「年金なんて、どうせ将来もらえないんでしょ?」
「自分には貯金があるから、払わなくても大丈夫」
そんなふうに思っていませんか?
こんにちは!お金の専門家です。今日は、皆さんの将来を守る最強のシステム**「国民年金」**についてお話しします。
実は、国民年金を「老後にもらうだけのお小遣い」だと思っているなら、それは大きな間違いです。年金は、あなたが病気やケガで働けなくなった時や、大切な家族に万が一のことがあった時、**国があなたを守るための「最強の保険」**なのです。
今回は、国民年金で**「これをやったら人生が詰む可能性がある」**という10のポイントを、どこよりも分かりやすく解説します。
このページの目次
1. 国民年金の役割って?(中学生でもわかる図解)
まず、国民年金の役割を整理しましょう。
- 老齢年金: 65歳からもらえる「老後の仕送り」
- 障害年金: 病気やケガで障害を負った時の「生活の支え」
- 遺族年金: 万が一の際、残された家族を支える「守りの盾」
この3つをセットで受け取る権利を捨てるのは、あまりにもリスクが高いのです。
国民年金の「決してやってはいけない」10のこと
(1) 20歳になったとき、加入手続きをしない
20歳になると、日本年金機構から「国民年金加入のお知らせ」という封筒が届きます。これを「自分はまだ学生だし、お金もないから」と無視してゴミ箱に捨てるのが、最初の大きな間違いです。

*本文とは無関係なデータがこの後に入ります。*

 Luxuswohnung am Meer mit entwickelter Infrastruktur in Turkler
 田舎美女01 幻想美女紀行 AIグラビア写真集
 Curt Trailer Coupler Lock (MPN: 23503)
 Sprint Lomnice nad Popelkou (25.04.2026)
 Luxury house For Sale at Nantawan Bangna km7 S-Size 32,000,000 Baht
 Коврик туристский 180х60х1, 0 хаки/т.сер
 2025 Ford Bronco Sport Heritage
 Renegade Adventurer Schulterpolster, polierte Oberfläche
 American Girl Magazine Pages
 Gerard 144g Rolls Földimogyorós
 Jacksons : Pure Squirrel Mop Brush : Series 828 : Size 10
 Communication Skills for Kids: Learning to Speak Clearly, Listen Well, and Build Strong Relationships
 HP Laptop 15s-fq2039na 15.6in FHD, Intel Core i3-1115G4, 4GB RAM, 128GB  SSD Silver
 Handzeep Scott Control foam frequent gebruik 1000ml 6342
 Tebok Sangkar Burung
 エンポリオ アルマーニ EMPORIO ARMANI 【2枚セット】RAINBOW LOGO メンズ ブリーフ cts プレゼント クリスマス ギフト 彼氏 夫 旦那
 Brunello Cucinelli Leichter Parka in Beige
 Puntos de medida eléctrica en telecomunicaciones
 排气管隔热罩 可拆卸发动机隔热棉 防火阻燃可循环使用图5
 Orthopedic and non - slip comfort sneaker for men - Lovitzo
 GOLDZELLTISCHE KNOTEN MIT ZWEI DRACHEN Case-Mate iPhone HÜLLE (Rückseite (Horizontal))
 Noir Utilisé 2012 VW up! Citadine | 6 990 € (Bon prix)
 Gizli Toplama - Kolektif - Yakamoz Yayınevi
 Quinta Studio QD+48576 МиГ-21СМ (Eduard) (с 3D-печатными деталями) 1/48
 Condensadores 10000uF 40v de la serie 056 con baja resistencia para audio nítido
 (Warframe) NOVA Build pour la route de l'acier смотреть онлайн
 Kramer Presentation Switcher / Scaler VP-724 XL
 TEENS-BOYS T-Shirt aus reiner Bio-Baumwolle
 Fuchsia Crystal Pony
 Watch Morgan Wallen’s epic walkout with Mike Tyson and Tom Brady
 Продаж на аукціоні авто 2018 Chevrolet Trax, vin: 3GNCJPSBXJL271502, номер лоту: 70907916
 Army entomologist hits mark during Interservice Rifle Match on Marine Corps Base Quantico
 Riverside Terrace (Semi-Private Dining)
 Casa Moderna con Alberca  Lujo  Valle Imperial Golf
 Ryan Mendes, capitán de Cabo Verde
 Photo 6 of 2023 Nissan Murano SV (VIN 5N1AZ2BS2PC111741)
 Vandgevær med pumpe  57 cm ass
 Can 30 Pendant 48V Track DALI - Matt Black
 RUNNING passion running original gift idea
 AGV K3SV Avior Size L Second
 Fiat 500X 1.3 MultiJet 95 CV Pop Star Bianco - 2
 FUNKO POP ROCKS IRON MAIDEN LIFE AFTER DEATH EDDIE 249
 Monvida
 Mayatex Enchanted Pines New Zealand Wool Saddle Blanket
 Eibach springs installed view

何の手続きもしないまま事故に遭い、障害が残ってしまった場合、「障害年金」が1円ももらえません。
お金が払えない学生さんは、同封されている**「学生納付特例制度」**の申請書を必ず返送しましょう。
ポイント: マイナンバーカードがあれば、スマホから「マイナポータル」で24時間いつでも申請可能です。
(2) 払えないのに「免除」の手続きをしない
「今、仕事がなくてお金が払えない」という時に、何も言わずに放置(未納)するのが一番危険です。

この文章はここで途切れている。